SALINAS, Calif. (KION) There are times Dakota Smith commutes all the way to his living room. He usually works from home one or two days a week.
“The benefits are productivity, you know, so having the time to focus at home free from the distractions of an open plan office space,” said Smith, who is Chief Strategy Officer at the travel site Hopper.
Working remotely isn’t new, but is growing rapidly in popularity.
Many major companies don’t require employees to come to the office, and Linked-in estimates since 2016, there's been a 78 percent increase in job postings that mention work flexibility.
"The phenomena we are studying is what I call work from anywhere," said Raj Choudhury, Associate Professor at Harvard Business School.
His team studied remote work, and found that workers are often more productive than their office colleagues. They save money by not having to commute, and can live in more affordable areas.
"So I want to work for these really cool tech companies in Silicon Valley but I can't afford the rent over there. Now, you don't have to," said Choudhury.
For Monterey’s Paul Fingerote, working remotely saves a daily trip to his job with the Jazz Conservancy in Berkeley.

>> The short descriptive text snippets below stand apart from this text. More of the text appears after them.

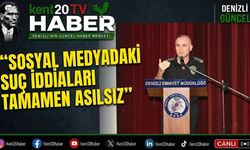 “SOSYAL MEDYADAKİ SUÇ İDDİALARI TAMAMEN ASILSIZ”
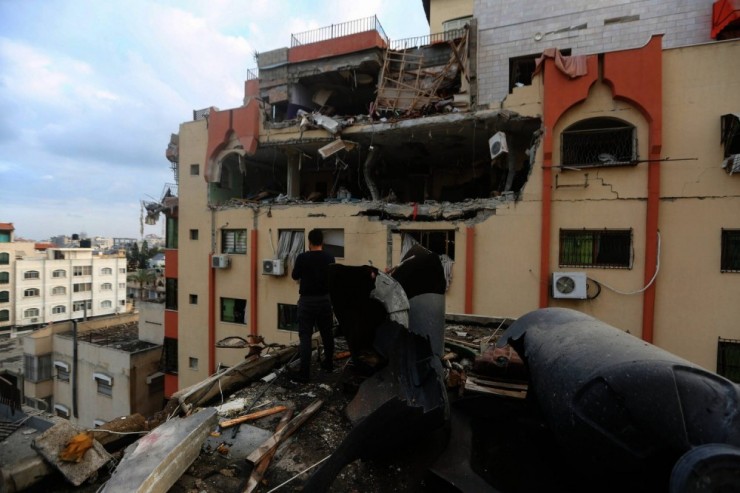 أشغال غزة: صرفنا بدل إيجار لـ 226 حالة متضررة من العدوان الأخير
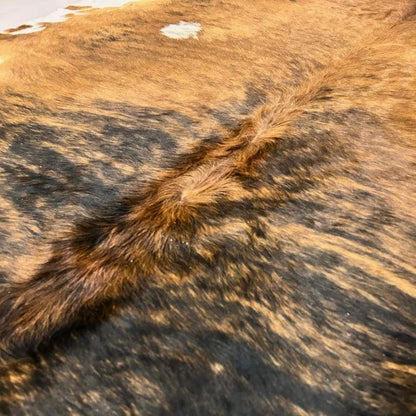 Tapete Bovino Natural Brazino Escuro I BZE336 I 1,99 x 2,32m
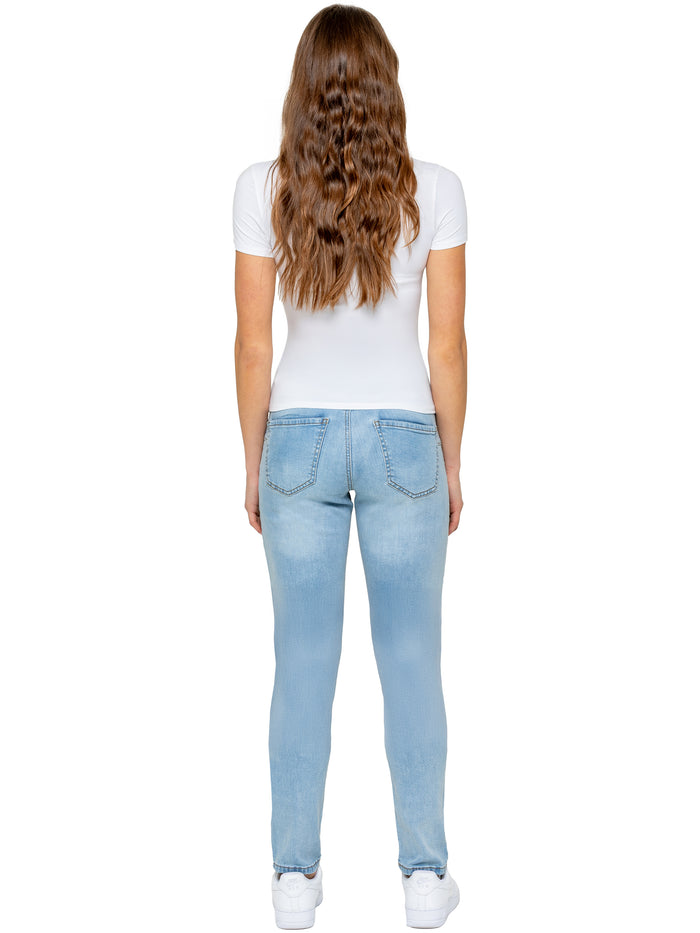 Enzo | Womens Mom Jeans
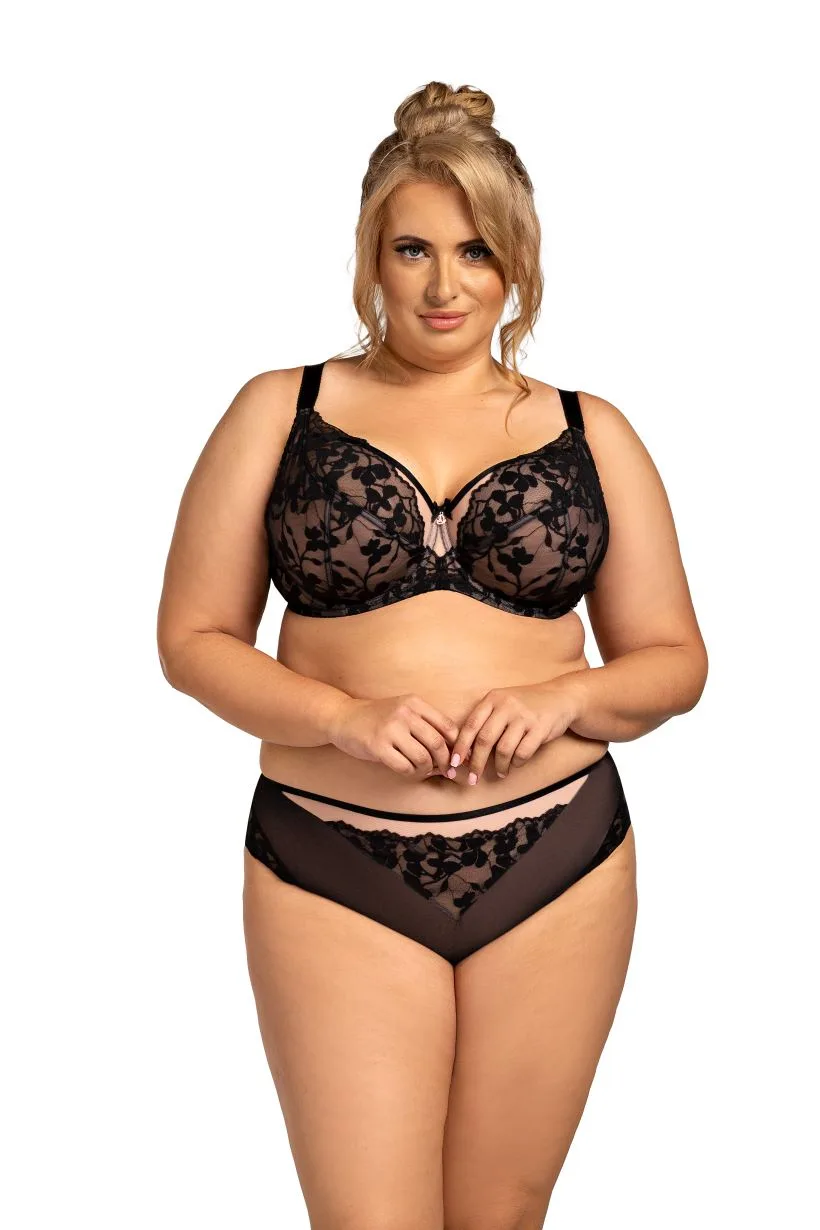 Ana Soft Light Noir N500B - Soutien-gorge -85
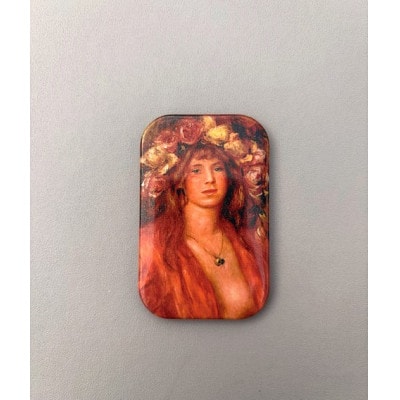 和泉市久保惣記念美術館オリジナル缶バッジ　3点セット(西洋画)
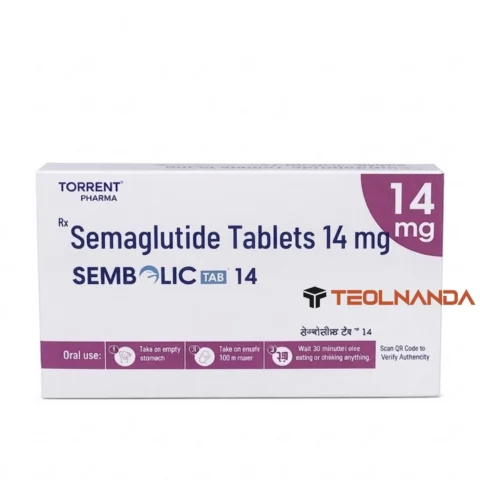 세마볼릭(Sembolic) 14mg -리벨서스(제네릭)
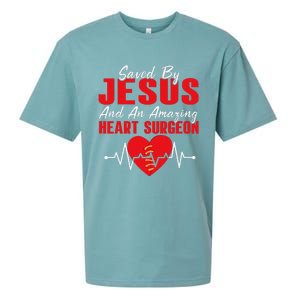 Cool Heart Surgery For Heart Cardiac Rehab Jesus Sueded Cloud Jersey T-Shirt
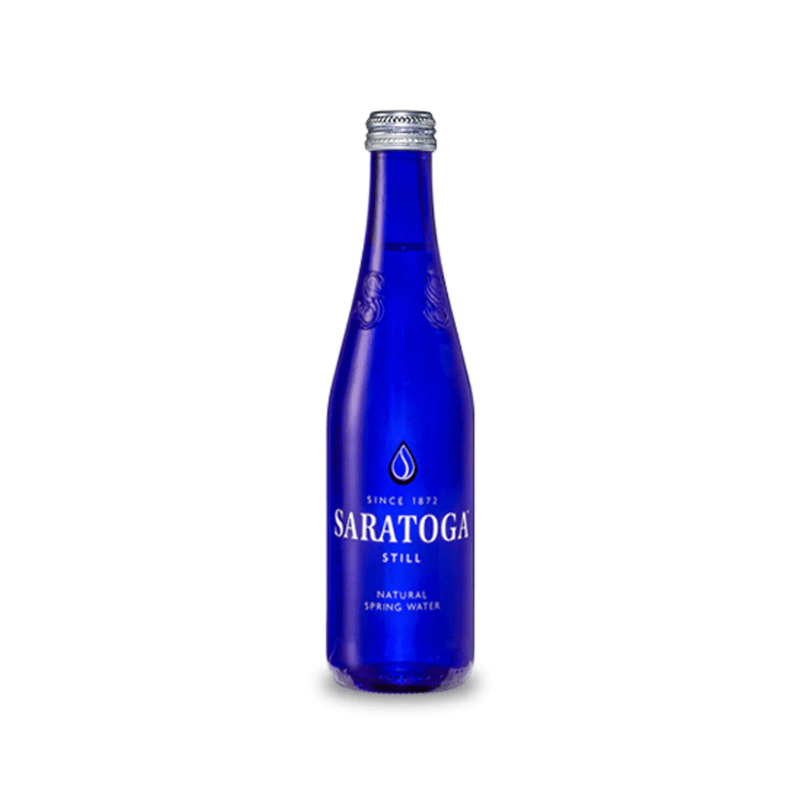 Saratoga Still Water Glass Bottle, 12 oz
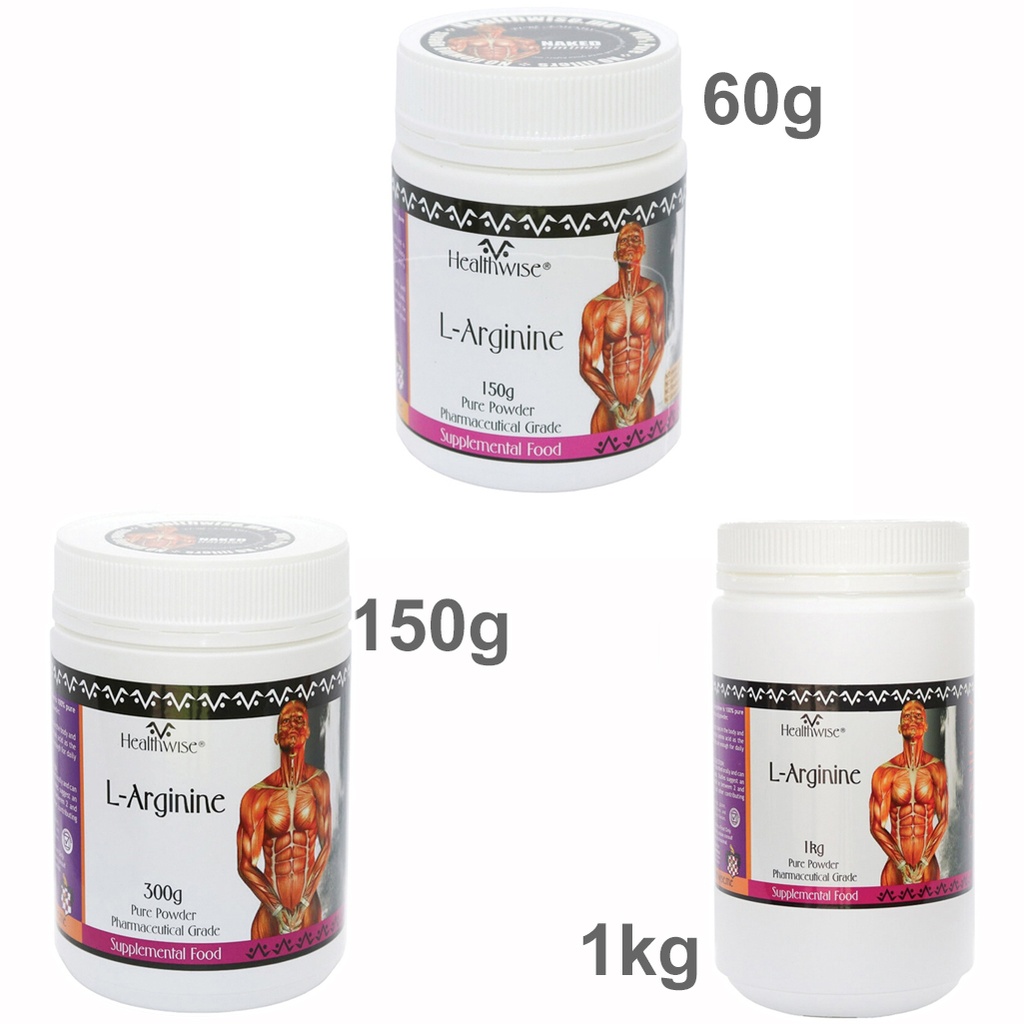 HEALTHWIS | Arginine (精氨酸)
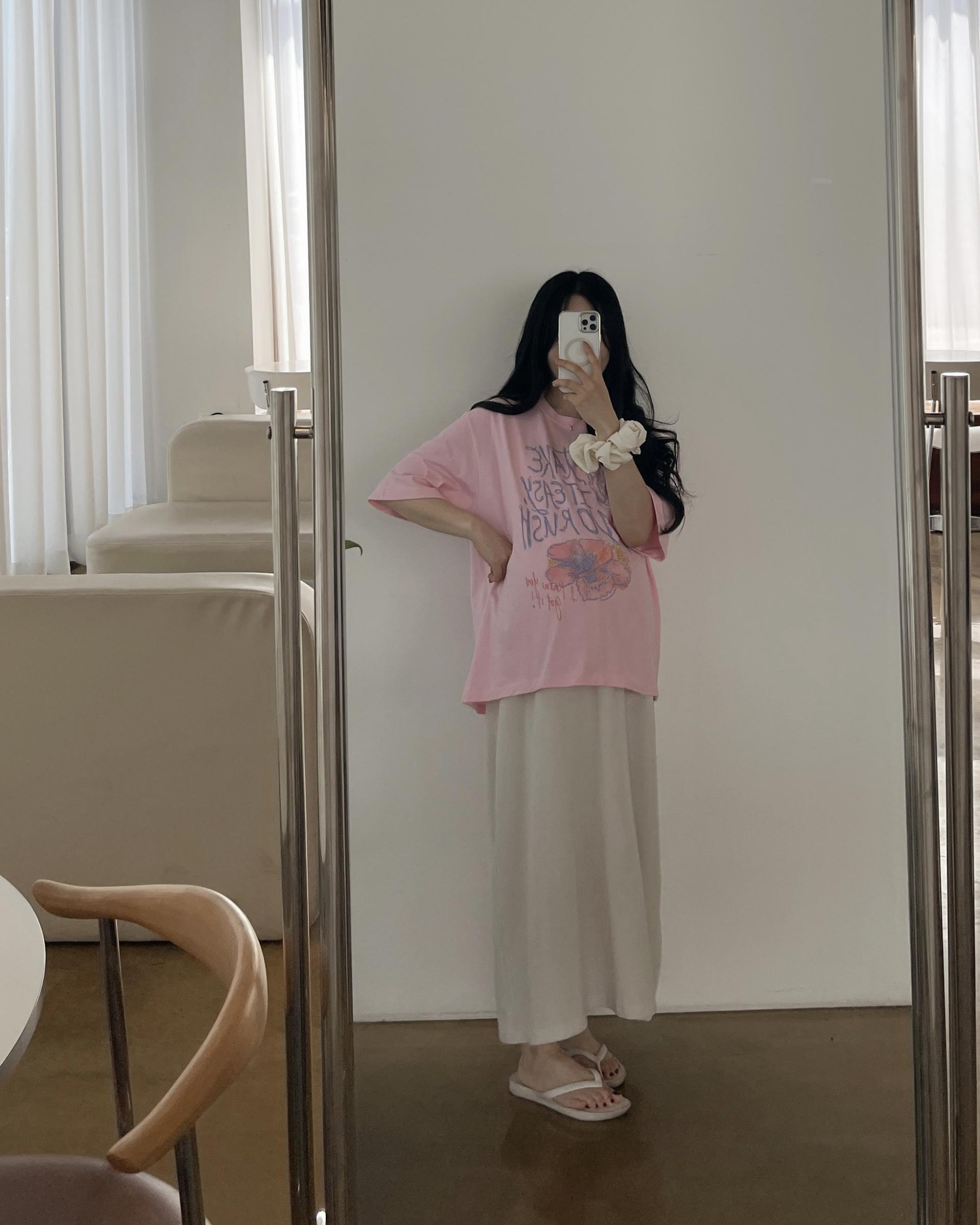젤리박시반팔T-3color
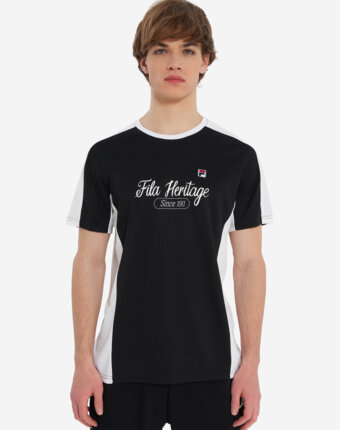Футболка мужская FILA, Черный женщинам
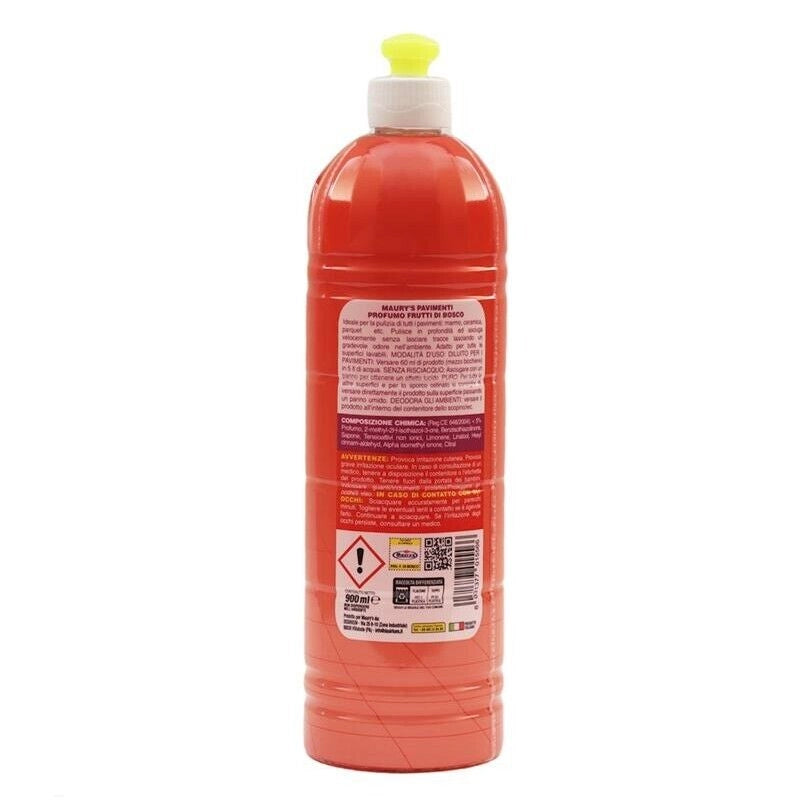 MAURY'S DETERGENTE PAVIMENTI 900 ML FRUTTI DI BOSCO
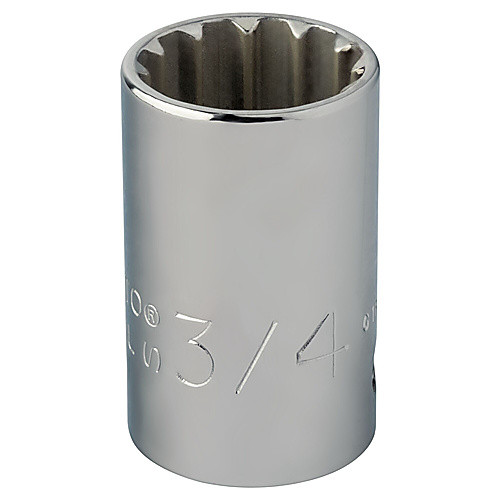 ‎Proto 1/2″ Drive Spline Socket #24 - 3/4″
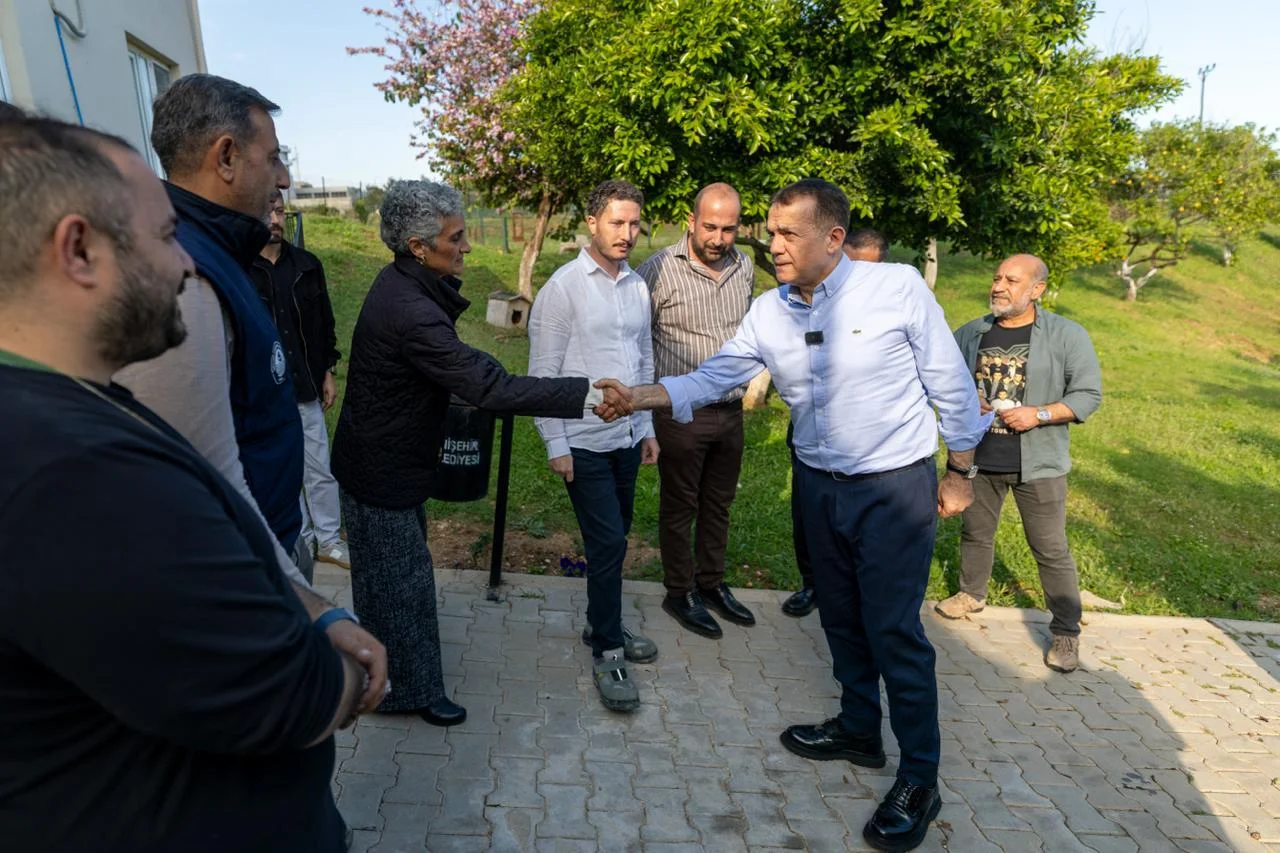 Yenişehir’de patili dostlara 5 yıldızlı hizmet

“I find I’m much more productive at home than I am behind the wheel, and believe me, behind the wheel is bad,” said Fingerote. “As long as you have the discipline to get up and do the work, you also have the ability to take time off, and you have to do that as well.”
Most who work from home say despite the benefits, it will never fully replace the office.
"I enjoy seeing my colleagues and co-workers and the camaraderie from actually interacting in the office space."
Be warned: Working from home is not all pajamas and slippers. Some studies find that those who work from put in more hours than their colleagues at the office.